Dovere dell’intelligenza
“Studi Cattolici”, mensile di studi e attualità, diretto incessantemente da Cesare Cavalleri, nel numero di luglio-agosto del suo anno 60°, ha proposto ai lettori un inedito quasi testamentario di Emanuele Samek Ludovici sulle regole “per educarsi all’intelligenza”. È la trascrizione dell’ultima conferenza pubblica che il trentottenne pensatore svolse poche settimane prima dell’incidente stradale del 17 aprile 1981 per cui finì in sala chirurgica morendovi il 5 maggio.
Chi ne ha letto almeno il saggio “Metamorfosi della gnosi” sa quale filosofo perdette il mondo. Certo Augusto Del Noce e Vittorio Mathieu ne furono consapevoli.
C’è qualcuno che non desidera essere intelligente? C’è qualcuno che non ritiene di essere intelligente? E non si ambisce tutti d’esserlo di più? Ben vengano regole per propiziare l’intelligenza: se non altro possono almeno placcare le sortite della nostra stupidità di cui ci informa con abbondanza di “scienzaggini” Piergiorgio Odifreddi.
Samek Ludovici offre 13 regole osservando che servono in particolare alle donne cui accade che siano succube di “un’immagine che non le aiuta a interpretarsi come esseri intelligenti” quando invece “lo sono quanto gli uomini se non qualche volta di più”. Le compendio con minime integrazioni.

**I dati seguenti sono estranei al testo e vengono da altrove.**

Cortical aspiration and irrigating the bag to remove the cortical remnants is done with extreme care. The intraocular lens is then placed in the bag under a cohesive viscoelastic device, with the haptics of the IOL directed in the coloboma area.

- 1. Prima di tutto ricordiamoci che l’intelligenza è un dovere, non è facoltativa. “Meglio un infelice intelligente che un uomo felice ma idiota, ingannato.”

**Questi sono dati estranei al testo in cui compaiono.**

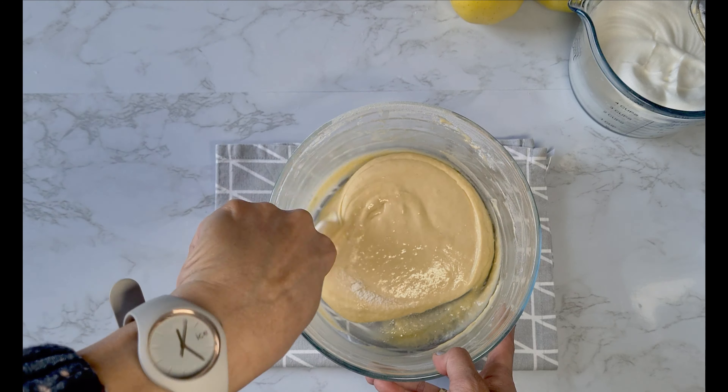We are going to mix four tablespoons of powdered sugar and one and a half tablespoons of cinnamon powder. Using a strainer, we will top the pancakes with this mixture. And we are done!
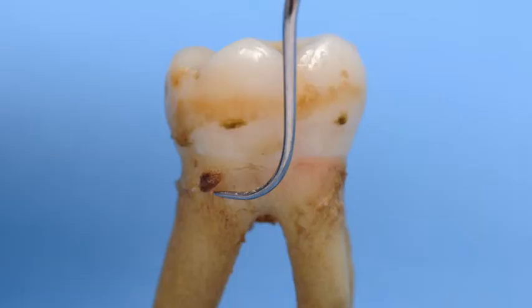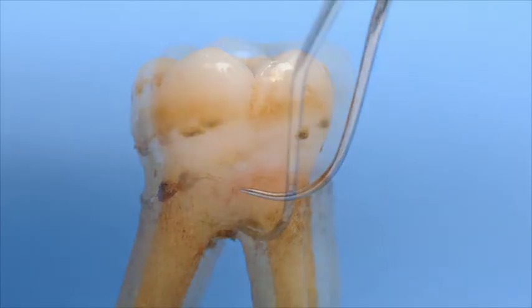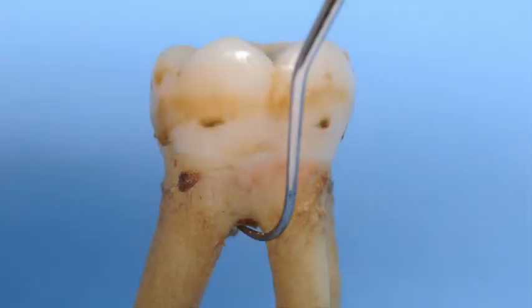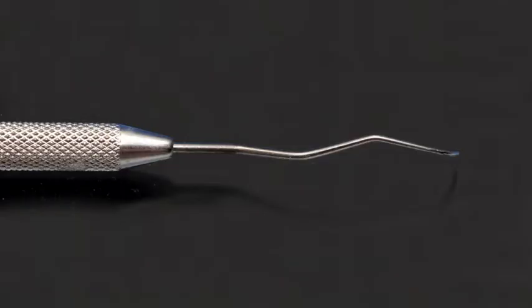The ODU-1112 Explorer is a highly effective instrument for supragingival and subgingival assessment of periodontal tissues, tooth anatomy, and the texture of tooth surfaces. The ODU-1112 Explorer's shank is designed to mimic an 1112 Gracey curette and the universal characteristics of a Columbia 13-14 curette.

- 2. Educhiamo noi stessi e gli altri a un linguaggio significativo. Chi non dispone di parole non ha le cose. “La perdita delle nostre capacità di significare attraverso il nostro linguaggio nel mondo è una perdita del mondo.” Per questo motivo Samek Ludovici si sofferma a smascherare la stupidità linguistica del turpiloquio e a stigmatizzare la miseria linguistica di molti ragazzi.

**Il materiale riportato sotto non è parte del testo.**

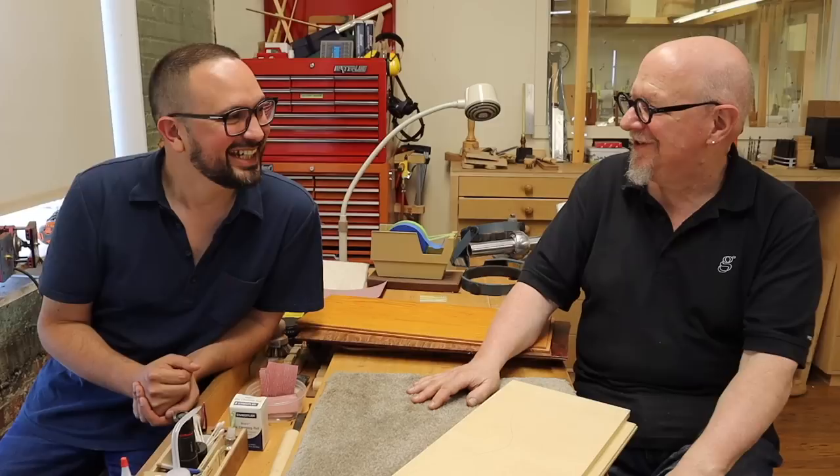Michael Greenfield, thank you very much indeed. Thank you for coming. It's been wonderful.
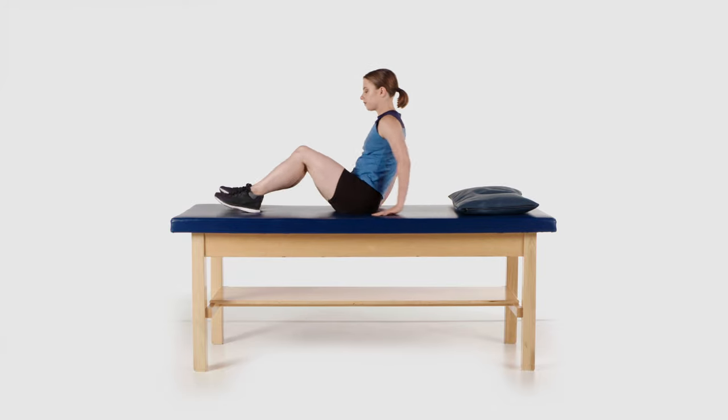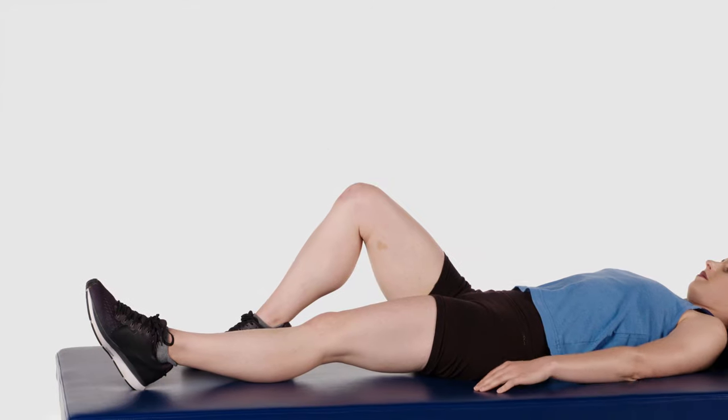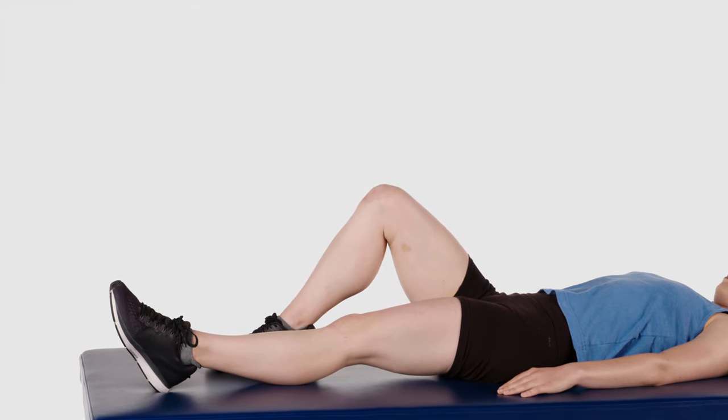Lie down on your back and bend your non-affected leg so your foot is flat on the surface for support at about 90 degrees.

- 3. Bisogna avere uno stile. Nel teatro dell’esistenza non conta tanto il ruolo che abbiamo quanto “come” lo recitiamo. Importa che lo interpretiamo “come Dio vuole che lo facciamo”. Plotino sosteneva questo in uno dei suoi trattati sulla Provvidenza. Un buon antidoto alla competitività che ci avvelena.
- 4. Occorre sorvegliare la fantasia negativa, quel fantasticare che è fuga dalla vita, dalle persone dalla parte e dal luogo che ci sono assegnati. “Madame Bovary” di Flaubert presenta un’analisi classica di simile deriva. Un autore spirituale la chiama la “mistica del magari”. È importante “escludere il fantasticare, accettare la nostra esistenza come un destino, accettare le opere da compiere, le persone che amiamo, quelle che ci stanno intorno, perché a loro dobbiamo rendere la nostra esistenza. Il controllo della fantasia ci dà il senso della realtà […] perché è andando contro l’ostacolo che divento grande perché faccio lo sforzo di superarlo.”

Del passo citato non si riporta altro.